Vacation, Part 3: Skagway

The second stop on our Alaskan vacation was Skagway, a tiny town that boasts the White Pass and Yukon Route railroad, built to help transport gold diggers across the mountains.  There are some very unpleasant stories about how the trip used to go for these nuts before the railroad was built.  I will not spoil this post by telling any of them.  Let's just say that I think people searching for gold are certifiably crazy and often unpleasant.

Their insanity, however, provided me with an excellent train trip where I saw things like this:

and this:


and these rapids that we were told have never been successfully navigated:

The train itself looked like this picture.  The brown cars were the passenger cars.  We rode up to the summit, which was just over 20 miles.  Then the green and yellow cars detached and somehow moved around to the other end of the train.  Everyone in the passenger cars switched sides of the car and also moved the seat backs so we were facing the right way and everyone could get the view of the (incredibly steep) drops.

 

Here's a shot of the train getting ready to go over a bridge that really, really doesn't look very stable.

There were two tunnels we went through.  It was an interesting experience to go through the complete darkness.

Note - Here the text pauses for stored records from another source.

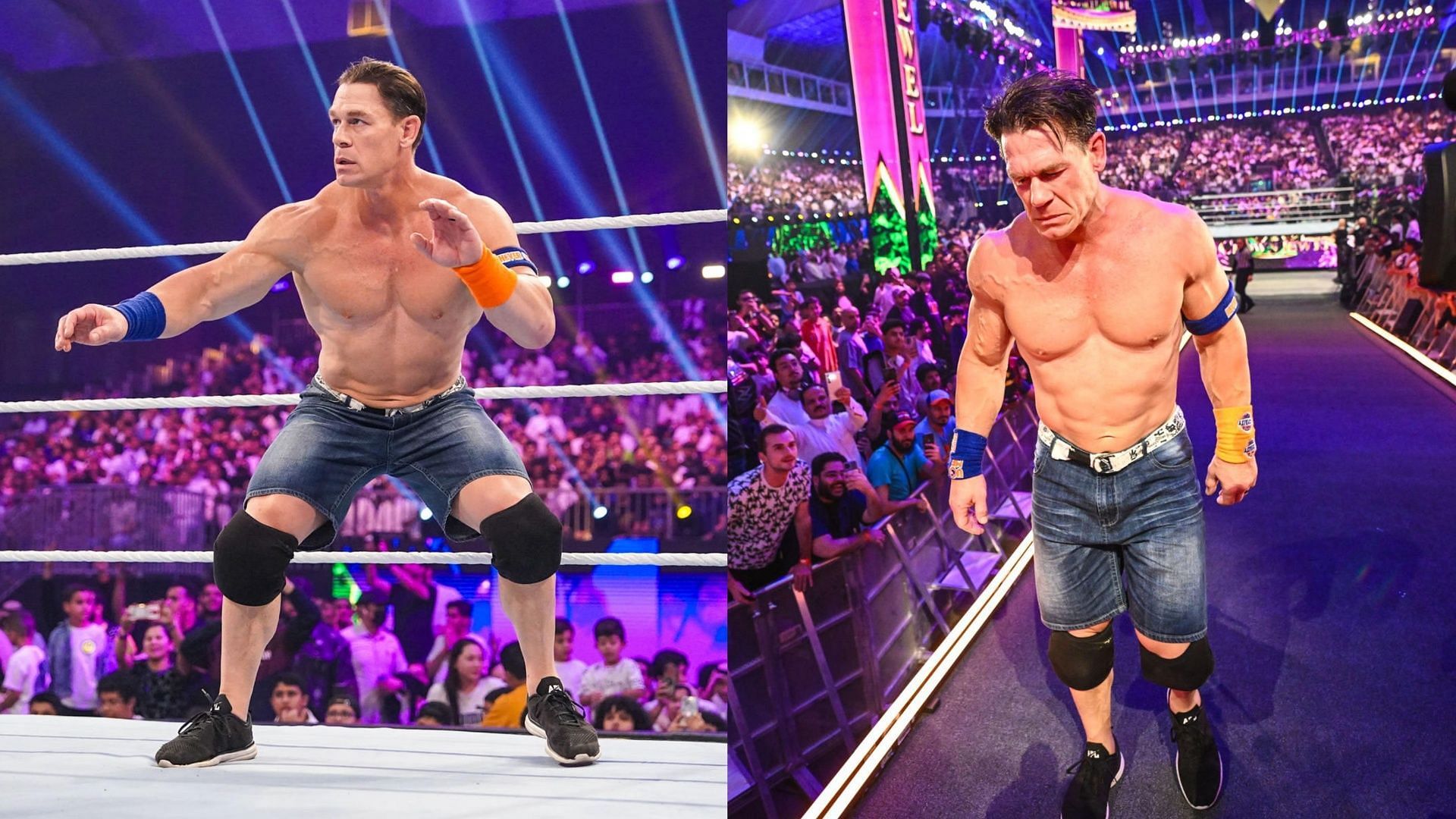John Cena is a former 16-time World Champion in WWE.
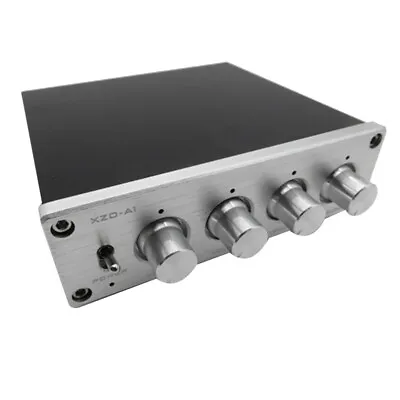 HIFI Lossless 1 Input 4 Output RCA HUB Audio Distributor Signal Selector Switch  • £52.79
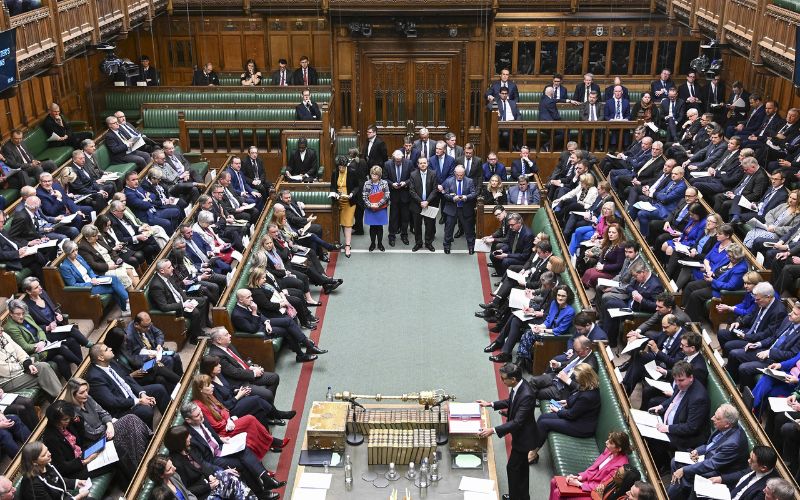 Irish language spoken for first time at British Prime Minister's Questions in Westminster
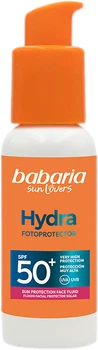 Солнцезащитный флюид для лица Babaria Hydra SPF 50+ 40 мл (8410412520409)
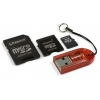 Флеш карта microSD 2Gb Mobility/Multi Kit Kingston (MBLY/2GBIR)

The guides talked a bit about the difficulty of building the railroad in the 1890s and also of maintaining it today. Britain sent an engineer to see if it was possible to build a railroad.  The engineer was convinced it wasn't, but then happened to meet a Canadian who was convinced it was.  The railroad was built with English financing, Canadian plans, and American labor.  This was before dynamite was invented, so tons of black powder was used to blow up bits of the mountain.


I'll leave you with another stunner of a view.

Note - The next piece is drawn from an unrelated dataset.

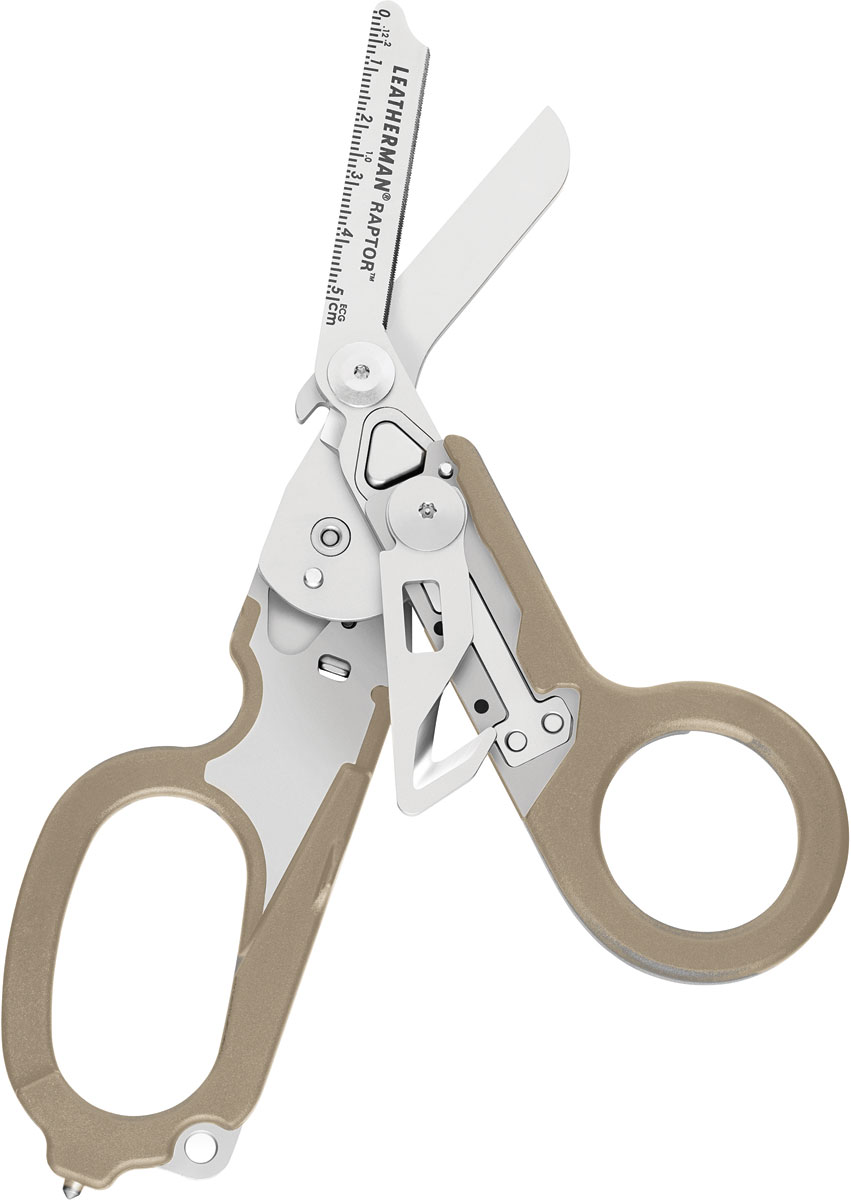 фото Мультитул Leatherman "Raptor", цвет: песочный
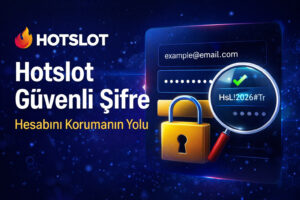 hotslot güvenli şifre önerisi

Often on this trip, one of us would mention how unlikely it was that anyone besides the three of us would ever want to look through all our photos.  We have so many photos of mountains and glaciers.  I think we were trying to capture the sheer magnitude of our surroundings, which was impossible.

This is one of those places that I want to keep in my mind and visit whenever I get bogged down by life's minutiae.